Write out the lines below exactly, beginning at the one with "Bright main bedroom" and stopping after the one with "mature man and"; the pictures are not copied.

(DATA EXCERPTS)

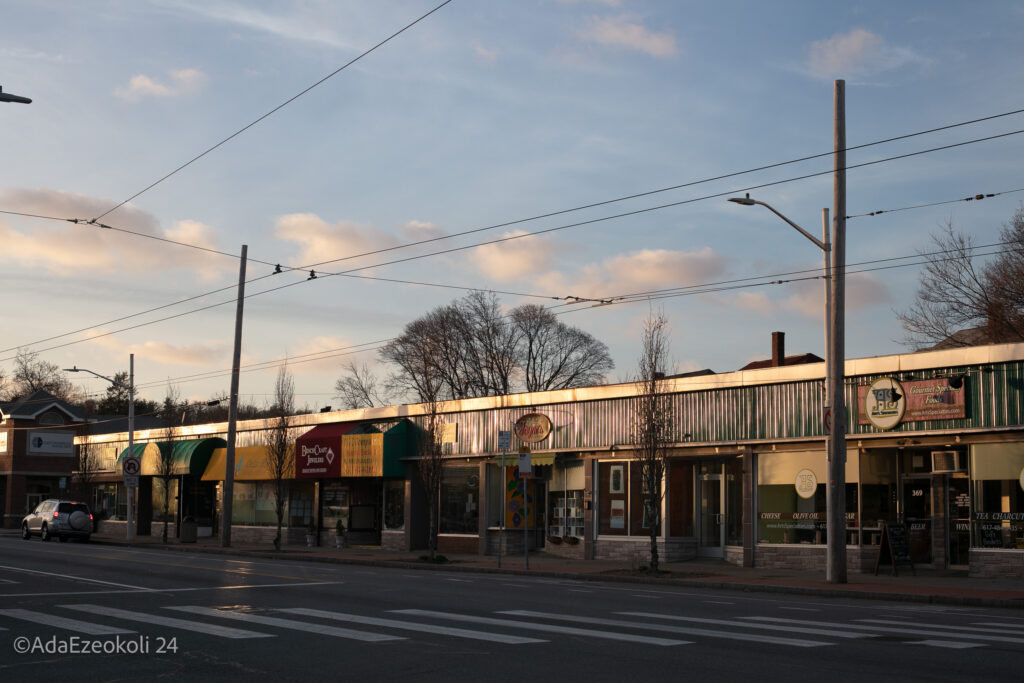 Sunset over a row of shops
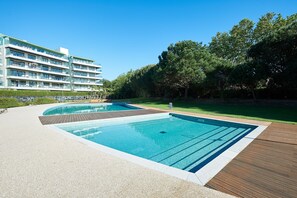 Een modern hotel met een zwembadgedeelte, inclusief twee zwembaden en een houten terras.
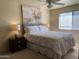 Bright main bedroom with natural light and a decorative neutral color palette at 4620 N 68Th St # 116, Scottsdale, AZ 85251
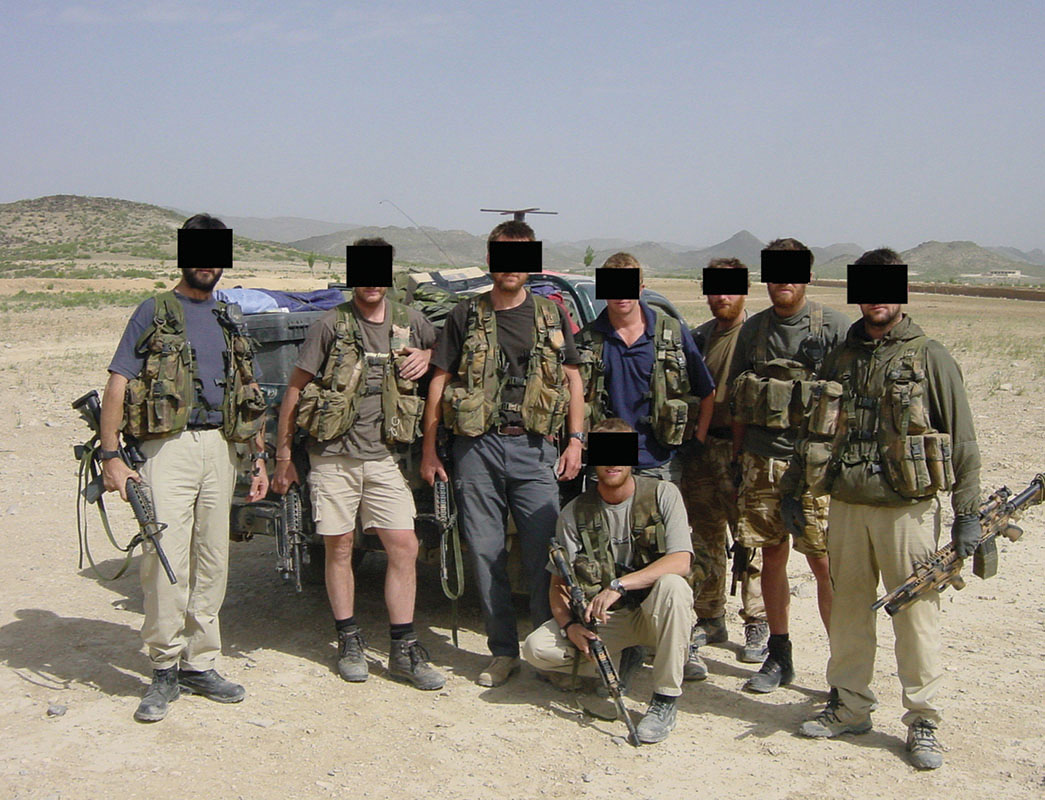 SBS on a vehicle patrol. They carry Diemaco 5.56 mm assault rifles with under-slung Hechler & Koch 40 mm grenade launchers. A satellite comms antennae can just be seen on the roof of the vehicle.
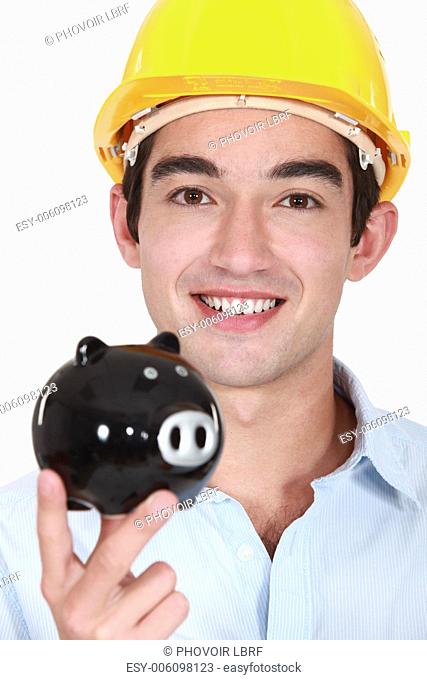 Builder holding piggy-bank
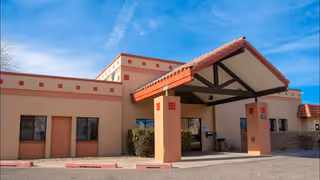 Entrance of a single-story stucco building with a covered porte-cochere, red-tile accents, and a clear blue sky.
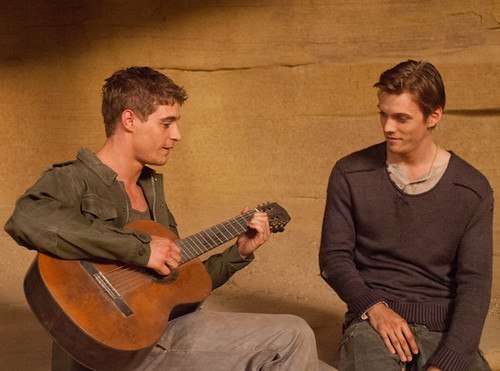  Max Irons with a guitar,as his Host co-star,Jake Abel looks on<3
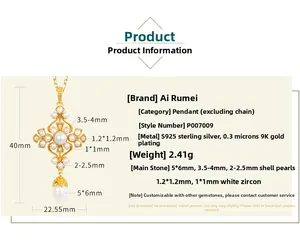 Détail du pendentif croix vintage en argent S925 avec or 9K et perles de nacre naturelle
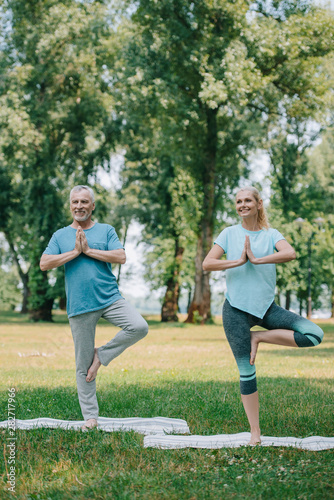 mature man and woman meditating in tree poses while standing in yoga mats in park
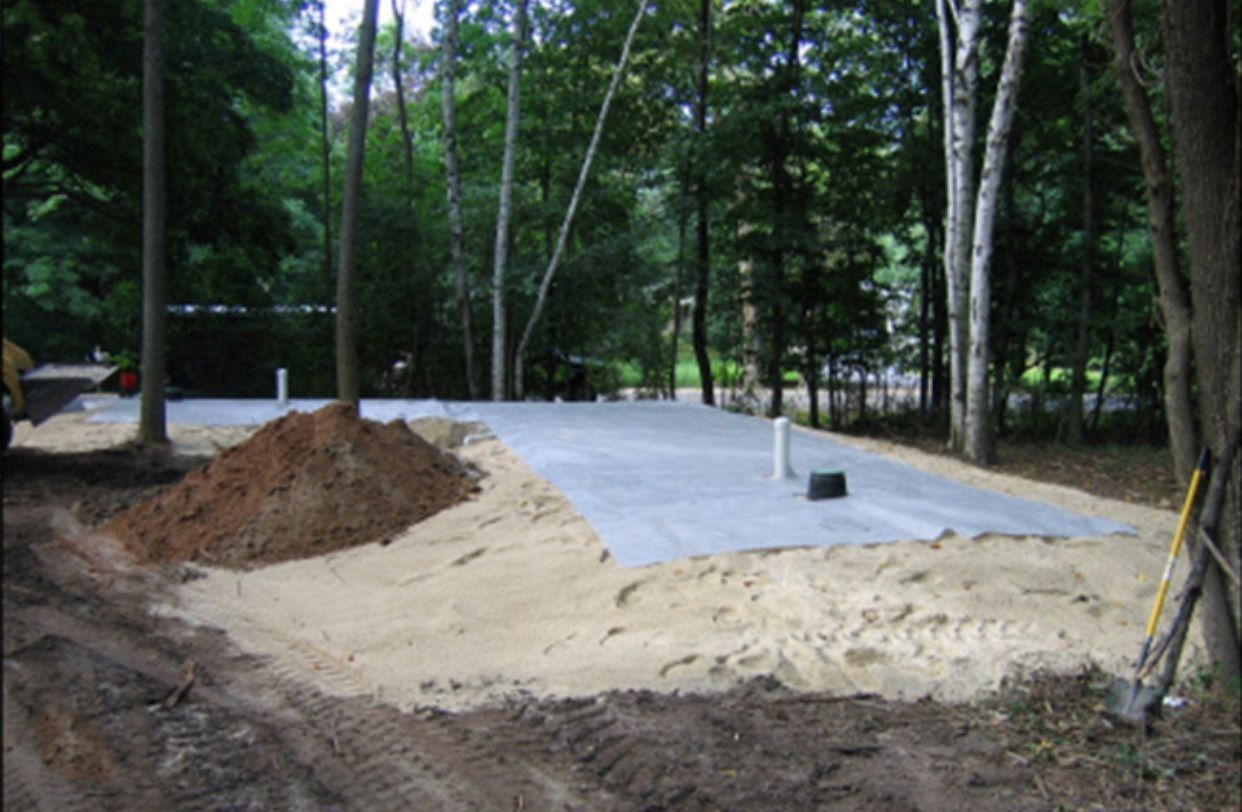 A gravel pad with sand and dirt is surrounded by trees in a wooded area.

(End DATA EXCERPTS)
(DATA EXCERPTS)

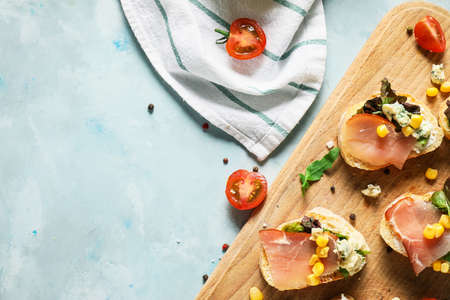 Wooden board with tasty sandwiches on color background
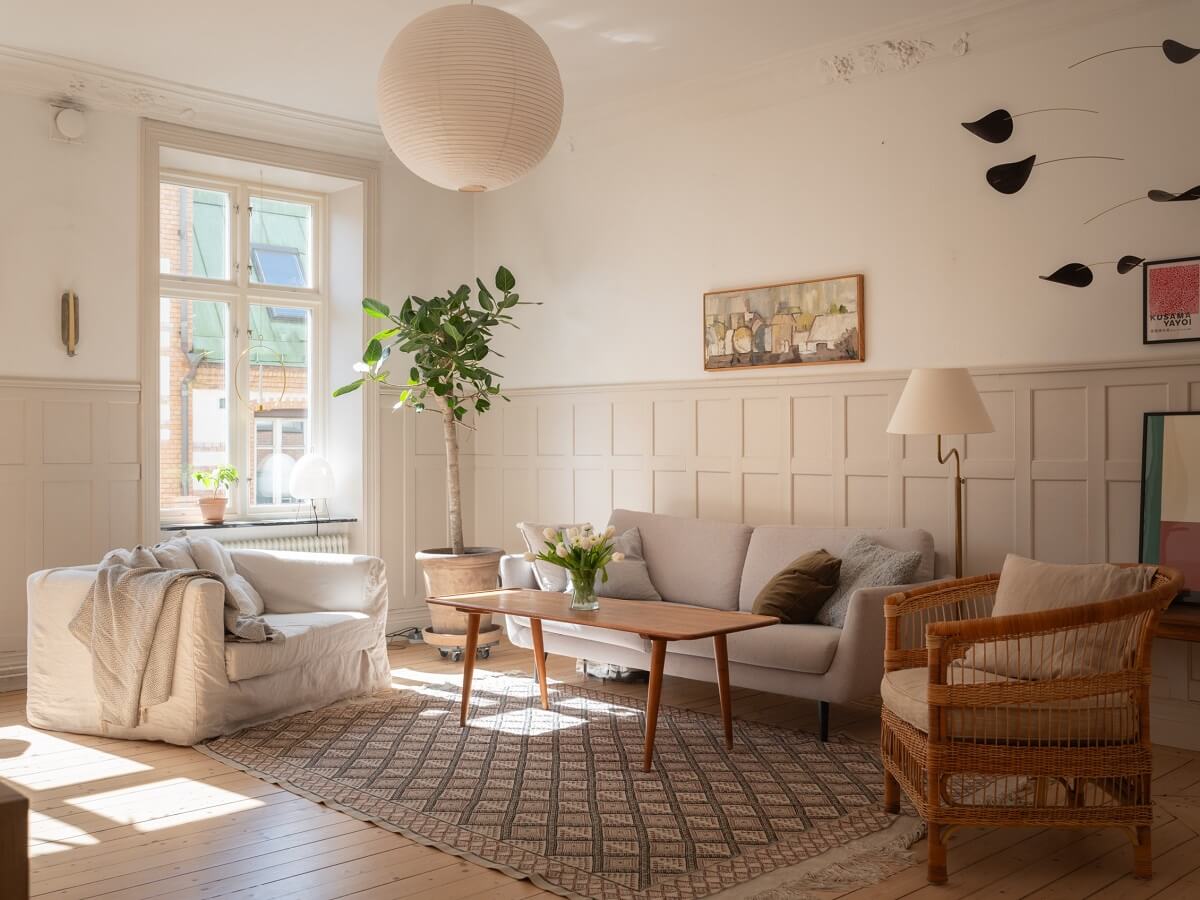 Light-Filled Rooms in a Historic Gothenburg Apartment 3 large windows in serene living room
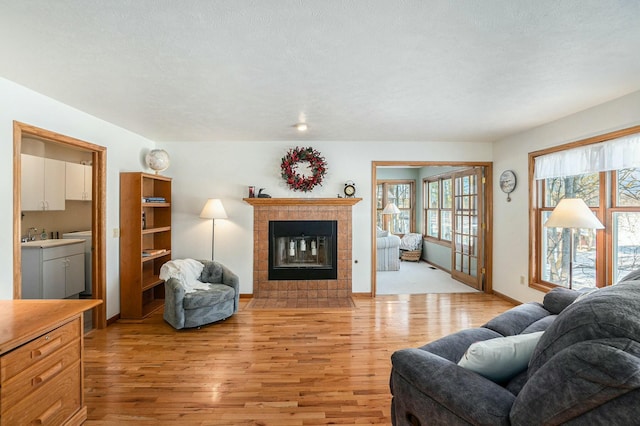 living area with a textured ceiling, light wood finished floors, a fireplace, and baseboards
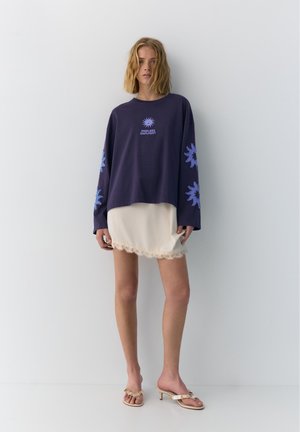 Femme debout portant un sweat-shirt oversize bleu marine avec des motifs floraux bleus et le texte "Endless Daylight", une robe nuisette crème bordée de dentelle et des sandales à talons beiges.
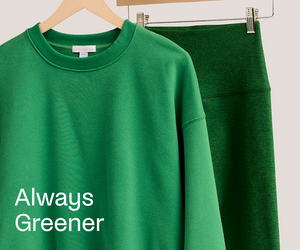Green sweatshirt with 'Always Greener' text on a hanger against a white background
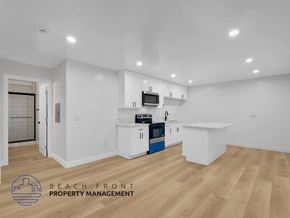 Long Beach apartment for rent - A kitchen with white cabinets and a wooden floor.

(End DATA EXCERPTS)

RESULT OF THE EXERCISE
 Bright main bedroom with natural light and a decorative neutral color palette at 4620 N 68Th St # 116, Scottsdale, AZ 85251
 SBS on a vehicle patrol. They carry Diemaco 5.56 mm assault rifles with under-slung Hechler & Koch 40 mm grenade launchers. A satellite comms antennae can just be seen on the roof of the vehicle.
 Builder holding piggy-bank
 Entrance of a single-story stucco building with a covered porte-cochere, red-tile accents, and a clear blue sky.
  Max Irons with a guitar,as his Host co-star,Jake Abel looks on<3
 Détail du pendentif croix vintage en argent S925 avec or 9K et perles de nacre naturelle
 mature man and woman meditating in tree poses while standing in yoga mats in park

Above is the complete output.